Now, two variables are to be used for multiple regression, two variables need to be created for independent variables and ‘miles_per_gallon’ is the independent variable
am <- mtcars$am
model2 <- lm(miles_per_gallon ~ cylinder + am)
model2
##
## Call:
## lm(formula = miles_per_gallon ~ cylinder + am)
##
## Coefficients:
## (Intercept) cylinder am
## 34.522 -2.501 2.567
In the above code chunk, model2 variable has been created using the lm() function with variables ‘cylinder’ and ‘am’ as independent variables.
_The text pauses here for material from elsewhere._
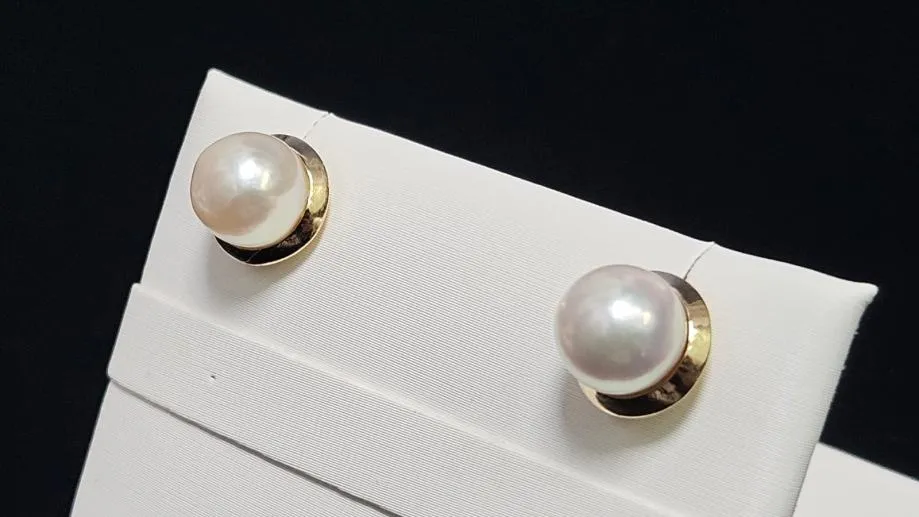 zlatne naušnice 2.95g 18k / r1, rate! - slika 4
Again model2 is called to execute.
This case study shows to apply simple linear regression and multiple linear regression on a given dataset (mtcars in this case). The models are created and predictive analyses have been done as shown above. The interpretations clearly show the nature of prediction.